==== Available data

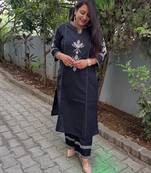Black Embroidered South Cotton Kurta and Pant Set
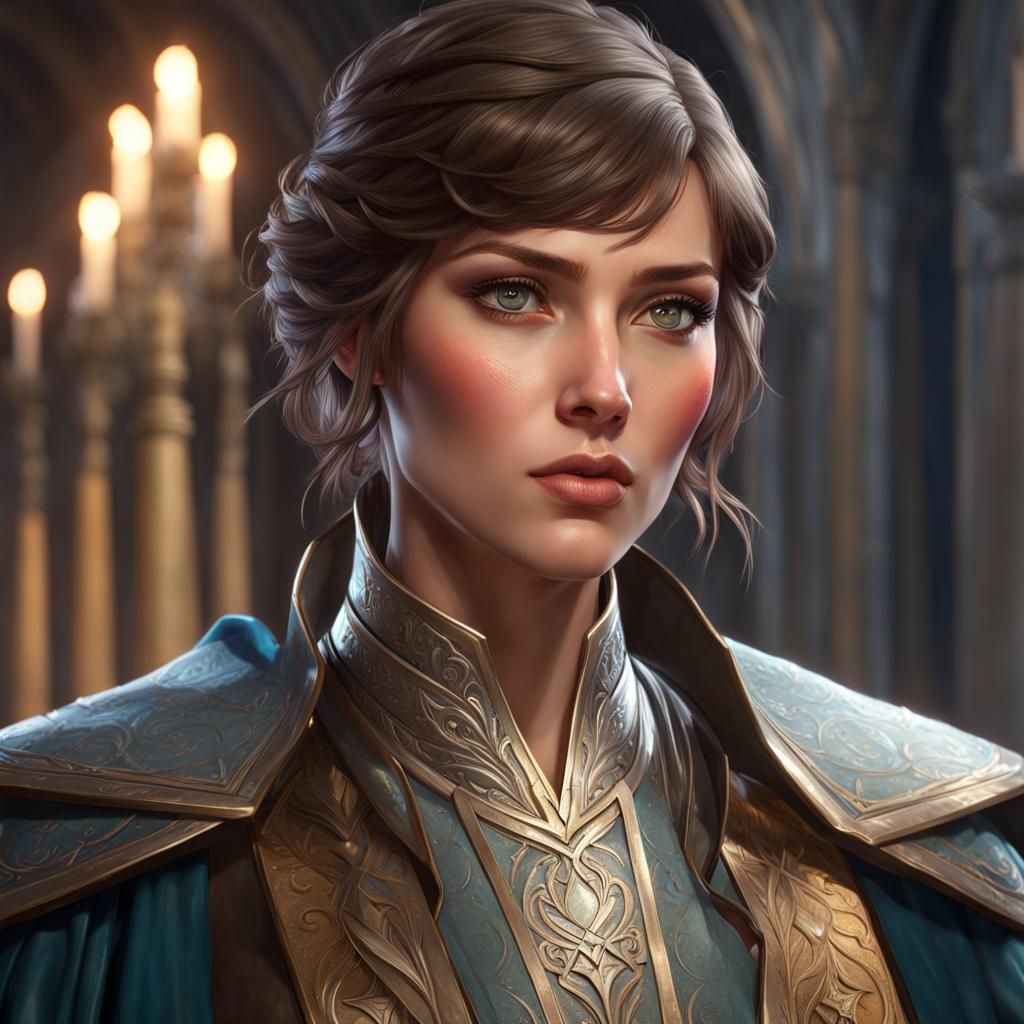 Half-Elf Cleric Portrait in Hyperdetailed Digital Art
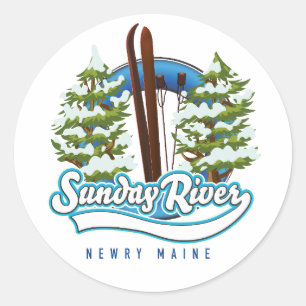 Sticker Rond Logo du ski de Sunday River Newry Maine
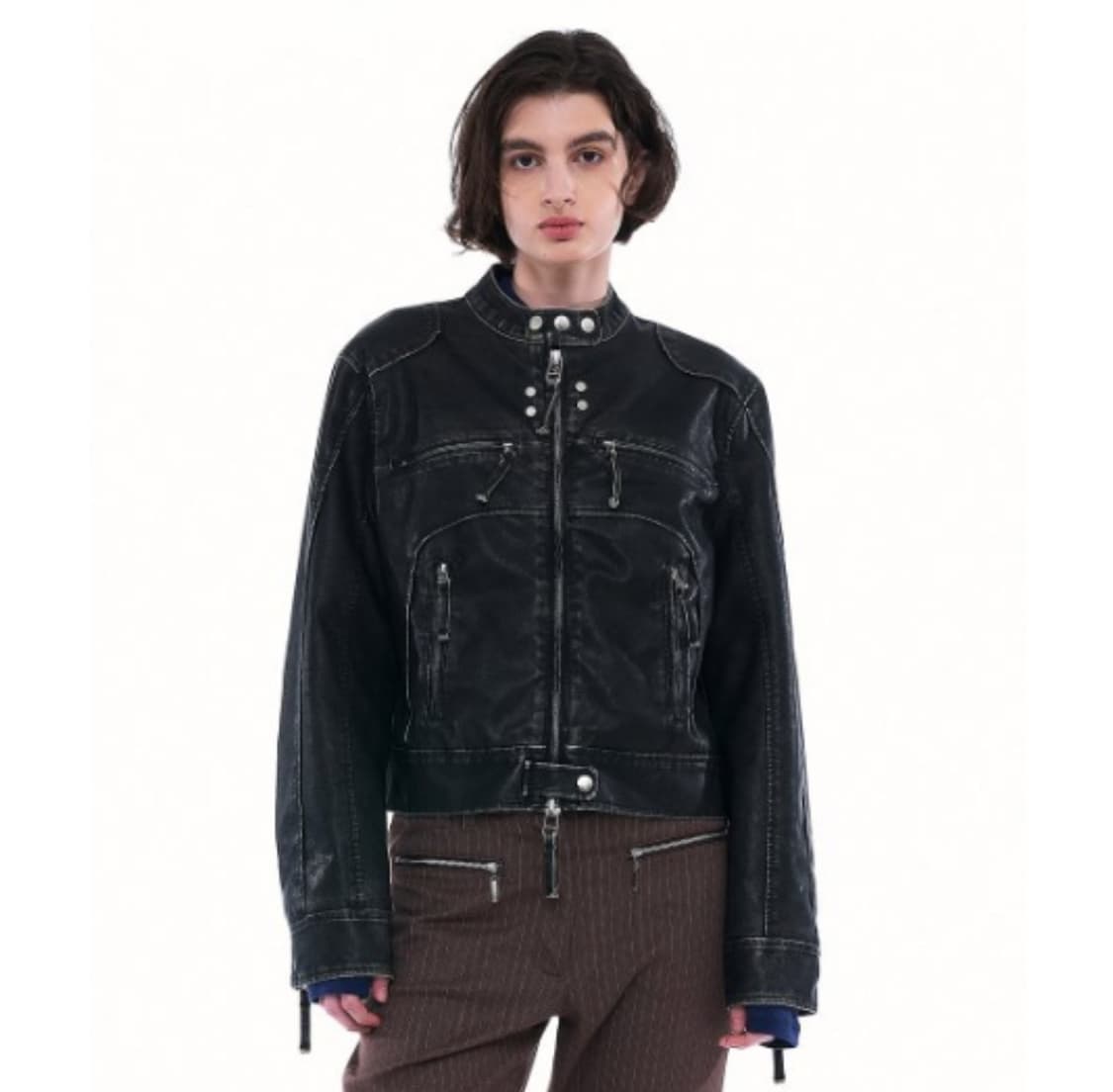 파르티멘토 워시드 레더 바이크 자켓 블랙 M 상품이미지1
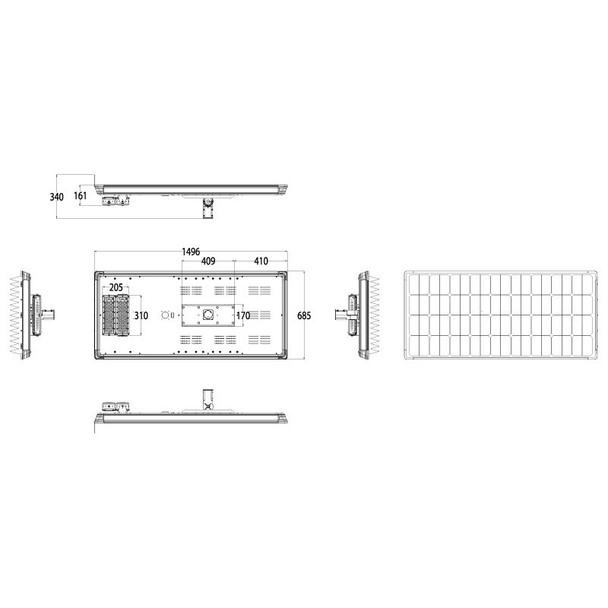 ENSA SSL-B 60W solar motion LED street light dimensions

========

## Aim of the task:
Retype each line above exactly. Leave the images out.

## Task response:
Black Embroidered South Cotton Kurta and Pant Set
 Half-Elf Cleric Portrait in Hyperdetailed Digital Art
 Sticker Rond Logo du ski de Sunday River Newry Maine
 파르티멘토 워시드 레더 바이크 자켓 블랙 M 상품이미지1
 ENSA SSL-B 60W solar motion LED street light dimensions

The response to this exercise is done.